[PROMPT]: Leaving out every picture, please repeat exactly the line that contains "Bright Avenue Motor Inn Hotels in Tawonga" and each line after it through the final line below.

:: MATERIAL TO PROCESS

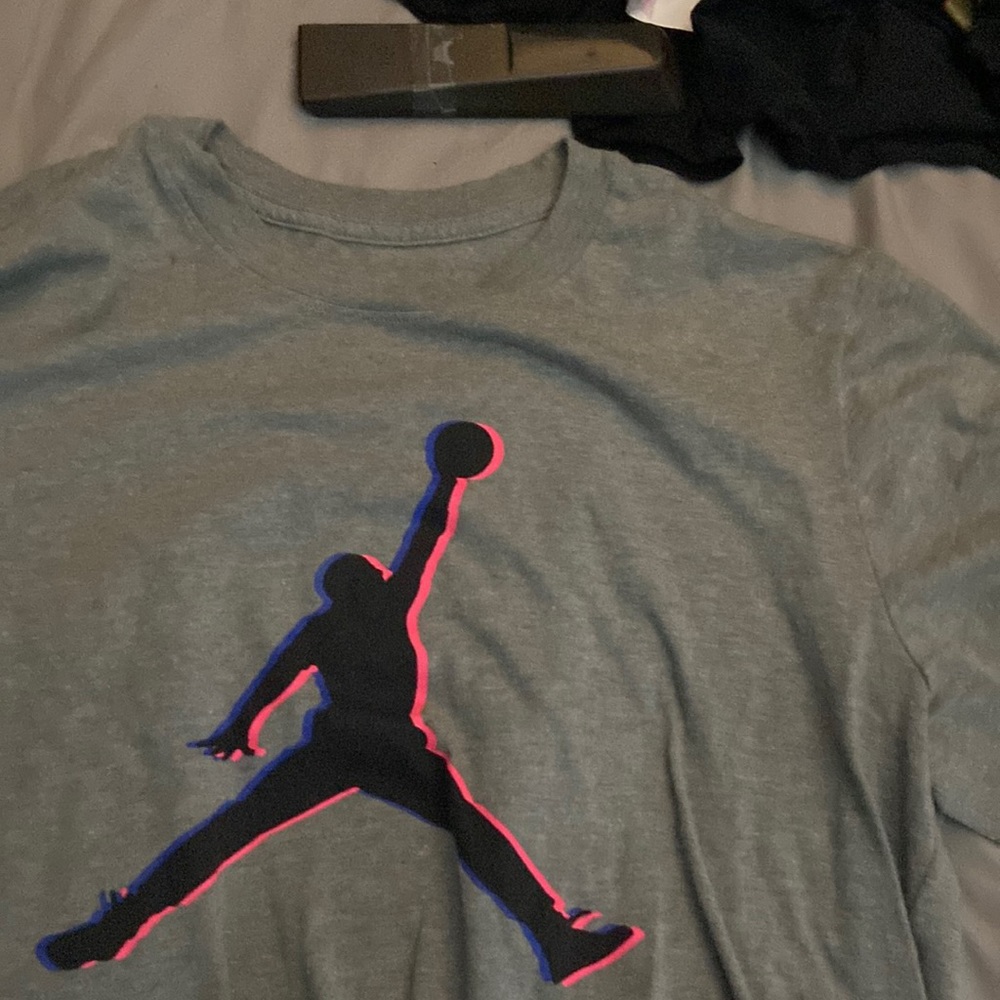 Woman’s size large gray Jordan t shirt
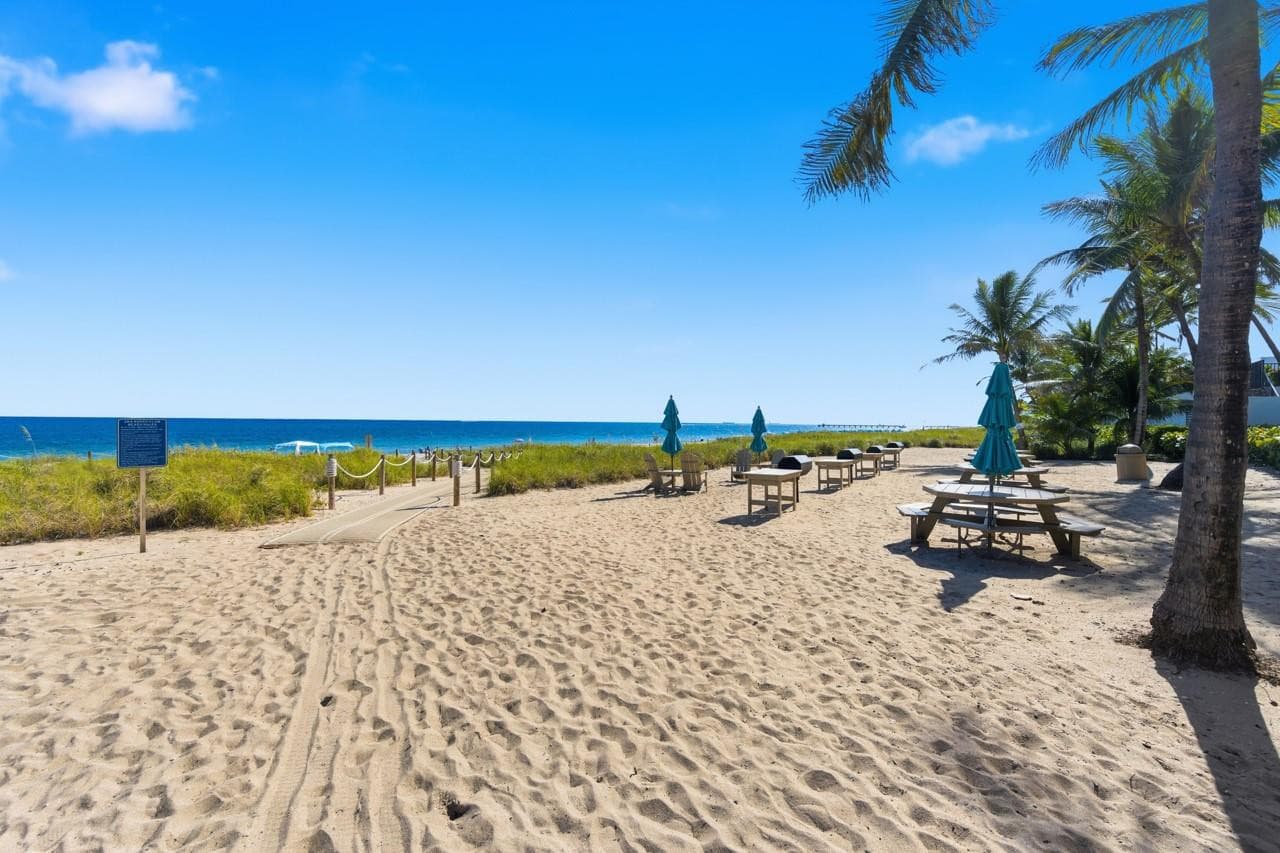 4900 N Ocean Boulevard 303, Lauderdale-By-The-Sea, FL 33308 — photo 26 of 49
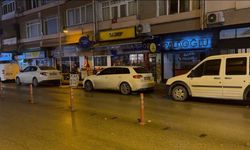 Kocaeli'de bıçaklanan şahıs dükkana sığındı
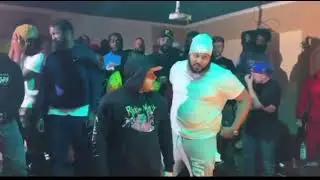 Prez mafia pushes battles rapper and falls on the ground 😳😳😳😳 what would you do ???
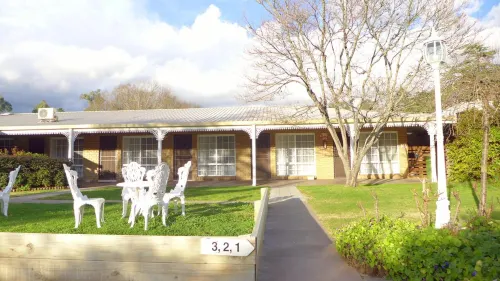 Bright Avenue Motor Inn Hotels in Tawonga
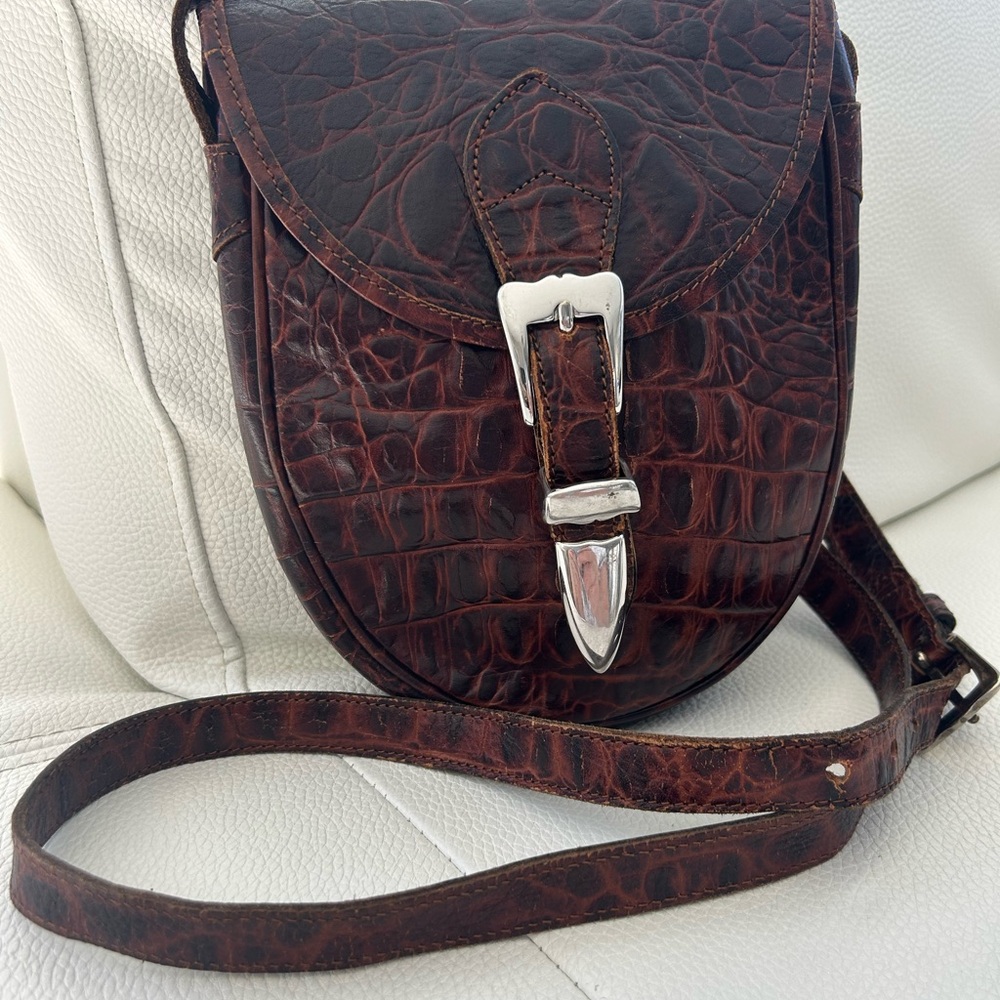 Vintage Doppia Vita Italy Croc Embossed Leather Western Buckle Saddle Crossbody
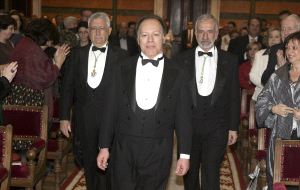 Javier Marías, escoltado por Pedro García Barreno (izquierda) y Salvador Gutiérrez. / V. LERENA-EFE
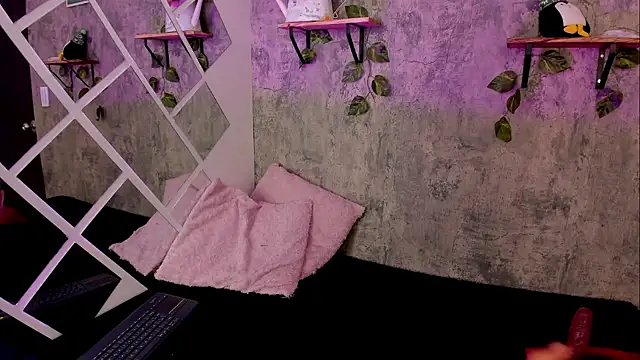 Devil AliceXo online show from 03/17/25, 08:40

::::

[EXERCISE RESPONSE]:
 Bright Avenue Motor Inn Hotels in Tawonga
 Vintage Doppia Vita Italy Croc Embossed Leather Western Buckle Saddle Crossbody
 Javier Marías, escoltado por Pedro García Barreno (izquierda) y Salvador Gutiérrez. / V. LERENA-EFE
 Devil AliceXo online show from 03/17/25, 08:40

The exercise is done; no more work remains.